_Task directions_. Return exactly the lines of the records below, starting at the line that contains "Blue star neck chain" and ending at the line that contains "Paraphrase Petite PXL‎", with both of those lines kept.

_Data in this exercise_.
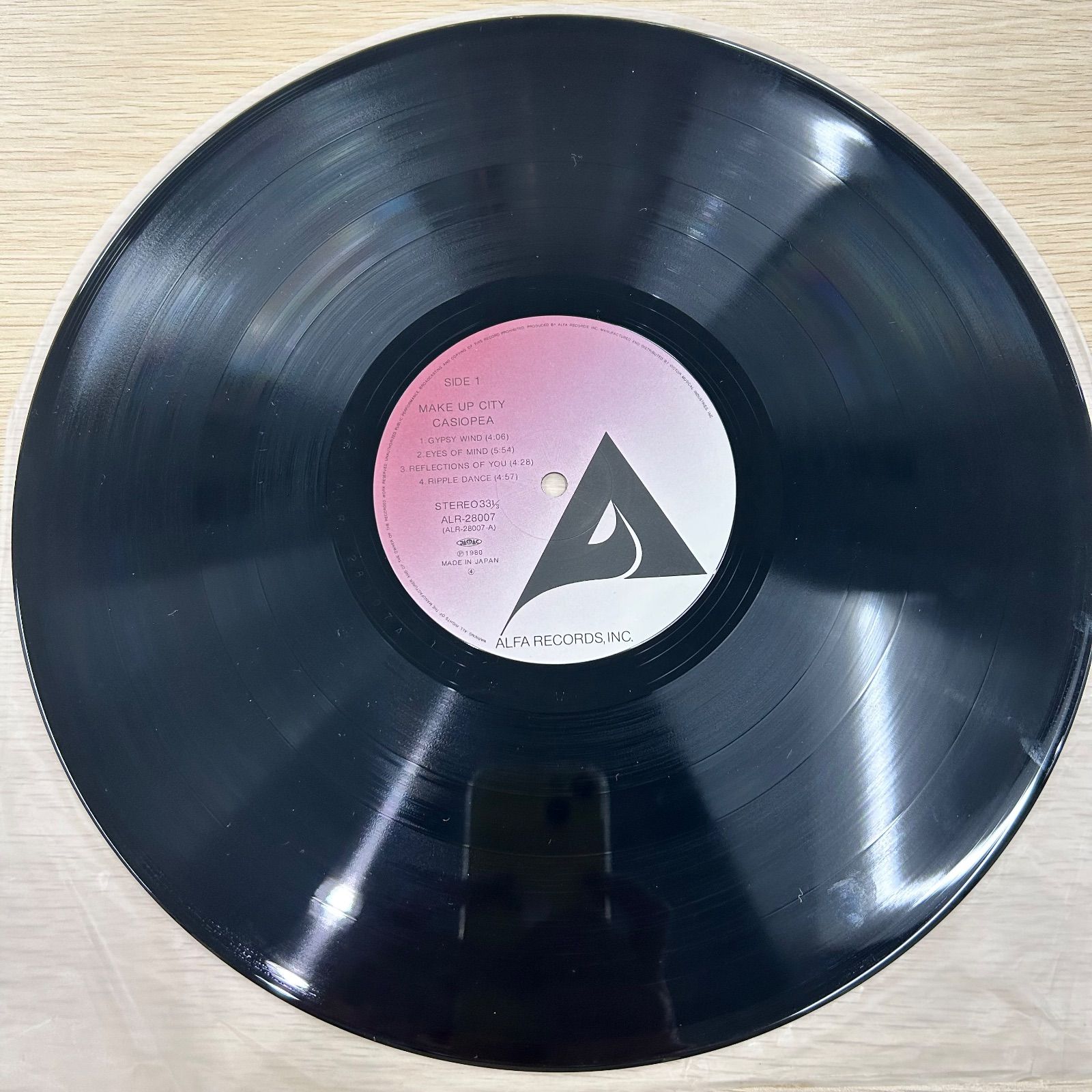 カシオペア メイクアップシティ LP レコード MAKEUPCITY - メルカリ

* * *

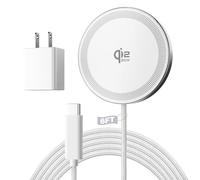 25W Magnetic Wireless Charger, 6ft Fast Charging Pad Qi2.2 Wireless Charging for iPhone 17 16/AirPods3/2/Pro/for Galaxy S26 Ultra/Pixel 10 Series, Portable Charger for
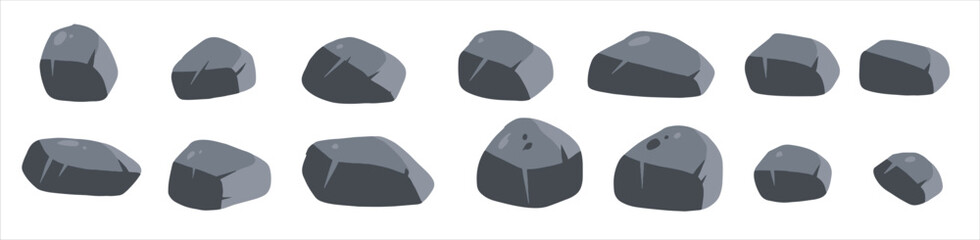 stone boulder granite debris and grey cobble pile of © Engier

--

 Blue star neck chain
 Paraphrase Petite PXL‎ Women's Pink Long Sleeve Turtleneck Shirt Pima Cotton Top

_Written answer_.
 Blue star neck chain
 Paraphrase Petite PXL‎ Women's Pink Long Sleeve Turtleneck Shirt Pima Cotton Top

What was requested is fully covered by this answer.